Wohl 
            jeder Musikfan hat seine persönliche Wunschliste für denkbare 
            Kooperationen seiner Lieblingskünstler. Wo zwei Legenden zueinander 
            finden, so der Gedanke, da brennt die Luft. Bedenkt man es recht, 
            so ergibt sich die Zusammenarbeit dieser zwei Frauen fast zwangsläufig: 
            Hier das unverwüstliche, zur Rock-Diva geläuterte Skandal-Groupie 
            der 60er Jahre, dort die Rockröhre von heute, die übrigens 
            die Tochter der ersten sein könnte, nicht nur dem Altersunterschied 
            nach, sondern, weil beide erkennbar aus dem gleichen Holz geschnitzt 
            sind: Sisters in arms.  
            Hier, 
              das ist Marianne Faithfull, die Großartige, vermutlich die 
              einzige Frau auf der Welt, die auch ohne Stimme singen kann, dort, 
              das ist Polly Jean - kurz P.J. - Harvey, die Sirene des Postrock, 
              die schon mit Björk respektlos Jaggers "Satisfaction" 
              zerlegte, mit Thom Yorke duettierte und von Kritikern seit Jahren 
              mit nicht abreißenden Lobeshymnen bedacht wird. 
            Diese 
              beiden haben jetzt zueinander gefunden, und zwar für Marianne 
              Faithfulls neues Album "Before the poison". Und auch, 
              wenn man ein richtiges Duett der beiden "Schwestern im Geiste" 
              vermisst - P.J. Harvey versteckt sich im Background-Chor -, so ist 
              ihre Handschrift doch deutlich erkennbar: "Before the poison" 

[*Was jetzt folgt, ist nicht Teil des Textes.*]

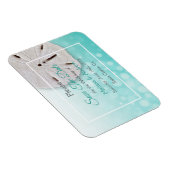 ティール（緑がかった色）サンドドル結婚式の日付磁石を保存 マグネット (右側)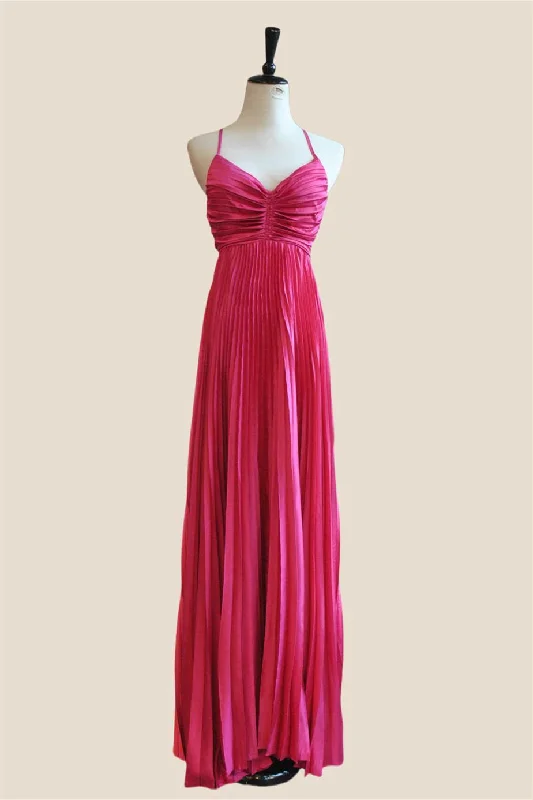 bodycon dressV-neck Hot Pink Pleated A-line Long Dress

              ist ein Rock-Album in typischer Harvey-Manier; elegisch, drängend, 
              schräg, charismatisch. 
            Gemeinsam 
              mit der weiterhin einzigartigen Stimme der Faithfull, die von einer 
              geheimnisvollen Rezeptur zusammen gehalten wird, deren wichtigste 
              Zutaten wahrscheinlich Erfahrung, Verzweiflung, Reife, Leidenschaft, 
              Whiskey und Zigaretten sind, erreichen Harveys Songs eine fast beängstigende 
              Tiefe - nichts für schwache Gemüter und schon gar nichts 
              für solche mit Angst vor den eigenen Abgründen. 
            Allein 
              schon die fünf Songs, die Marianne Faithfull und P.J. Harvey 
              zusammen produzierten, wären ausreichend, um "Before the 
              poison" in höchsten Tönen zu loben. Doch Marianne 
              Faithfull wollte mehr. So gibt es erneut - nach "Kissin Time" 
              zum zweiten Mal - eine Kooperation mit Blurs Damon Albarn, und außerdem 
              gewissermaßen ein Zusammentreffen mit ihrem männlichen 
              Pendant: Nick Cave. Er komponierte drei Songs für die CD, auch 
              sie mit unverkennbar melodramatischer Handschrift, die Texte schrieb 
              Marianne Faithfull selbst. 
            Nicht 
              minder exquisit sind die Musiker, darunter Portishead-Gitarrist 
              Adrian Utley, und unter der Regie von Francois Ravard, mit dem Marianne 
              Faithfull bereits ihr fünftes Album produzierte, wird "Before 
              the poison" zu einem fast opulenten Werk, dem die Reife, die 
              Professionalität, das große Können aller Beteiligten 
              mit jeder Note anzuhören ist. Was zu beweisen war: Auf diesem 
              Album brennt die Luft.